The Securities and Exchange Board of India’s (Sebi’s) whole-time member G Mahalingam on Thursday pointed out that the risk-management practices of the Rs 27-trillion mutual fund (MF) industry can improve further. He urged MFs to create a framework that makes them gauge liquidity risks in a timely manner and mitigate liquidity pressure during stress scenarios.
The senior Sebi official said a tightening of norms in liquidity and overnight schemes that came in last year should be seen as nudges by the regulator to improve risk management practices of the industry.
While speaking at the 14th edition of CII Mutual Fund Summit, Mahalingam said MFs need to play a more constructive role when it comes to monitoring corporate governance practices followed in investee companies.
He questioned the practice of MFs staying away from casting their votes on company resolutions and pointed out that the ‘abstain’ votes were still as high as 12 per cent. He directed the MF industry to reduce ‘abstain’ votes to 1-2 per cent in the next few years.
He mentioned cases such as Fortis, Religare, and Crompton Greaves, while pointing out the growing prevalence of corporate governance issues.
He also warned the industry about mis-selling of MF products. “We don’t want to be in a situation where we get complaints from investors that they were not well-informed about the risk profile of the product,” he said.
He said that in the prevalent scenario, investors will aggressively look for yields and ‘alpha’ and it will be the duty of MFs and distributors to make sure there is no mis-selling.
Mahalingam cited the example of credit risk funds and said the industry needs to make sure investors coming in are aware of the inherent risks in such funds.
“While telling investors there is probability of 10 or 11 per cent returns, they should be told about the underlying risks,” he added.
“We expect alpha to become an obsession, as globally the returns generated are going down,” said Mahalingam.
He cited a Morgan Stanley study that showed a typical 60:40 equity-debt portfolio will only able to give 2.5 per cent returns over the long term.
The senior official told the industry to take more efforts to facilitate the growth of direct plans. He pointed out that the recent move by Sebi to allow MF investors to buy and sell units on exchanges could contribute significantly to the growth of direct plans.
He said that for further penetration of MFs, direct plans through technology can help the industry go to smaller cities or beyond the top 30 cities.

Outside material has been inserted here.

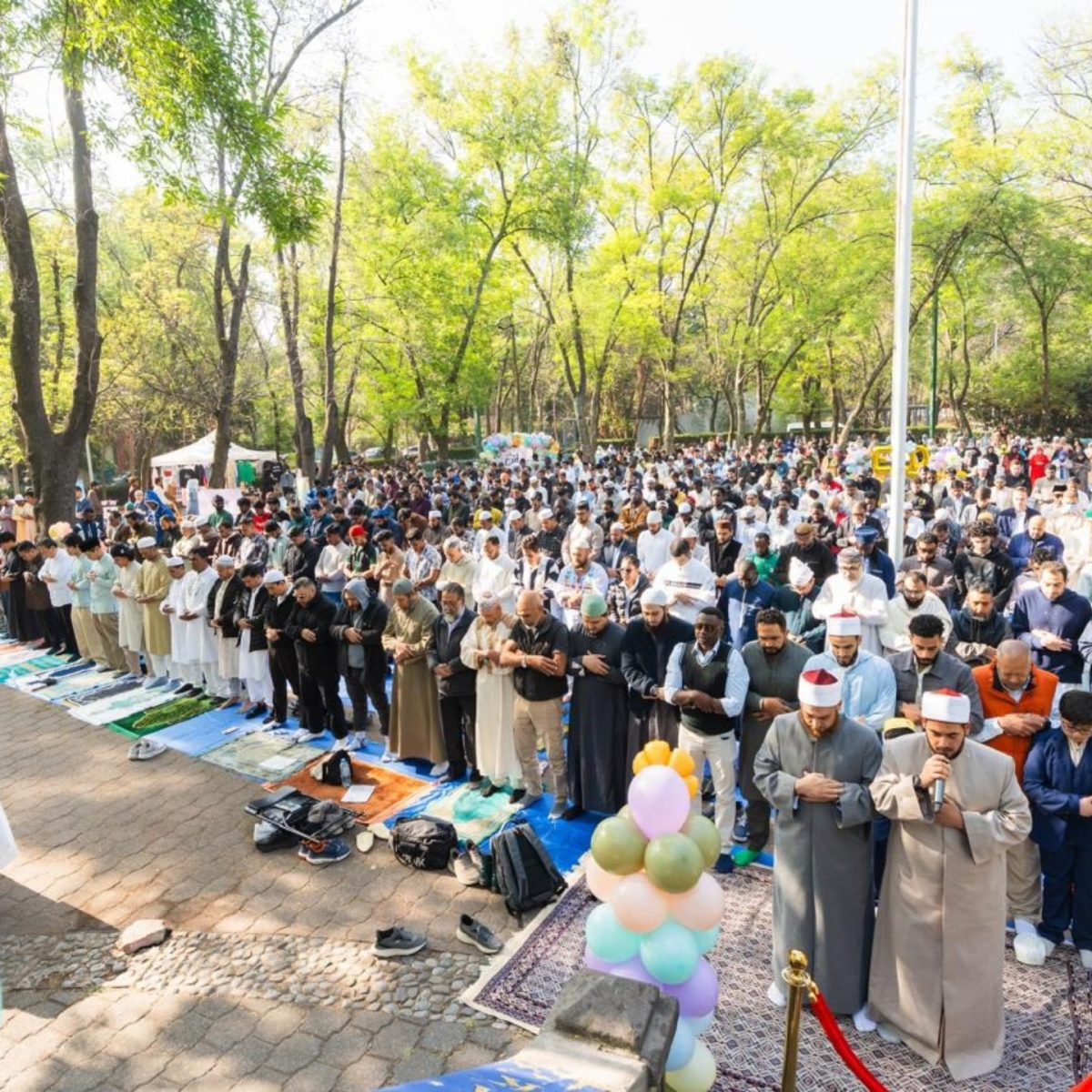 الجالية الإسلامية تحتفل ببهجة بعيد الفطر 2026 في مدينة المكسيك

The regulator in the past had also asked the industry to focus more on driving the growth of direct plans, as cost of investing is lower in such plans. Mahalingam also asked industry to drive the growth of passive funds to give investors more options of lower-cost funds.
According to the current regulatory framework, the total expense ratio on passive funds and direct plans are lower than the regular MF products.
Mahalingam also asked the industry to focus on building a more sustainable business model by building a larger retail asset base. Retail investors tend to be sticky unlike the volatility in flows seen in institutional investors.
While acknowledging the change in regulations can lead to further operational costs for MFs, Mahalingam said the industry needs to look at the business as a volume-based one to absorb these cost pressures. He said the industry can build scale through investor-friendly moves.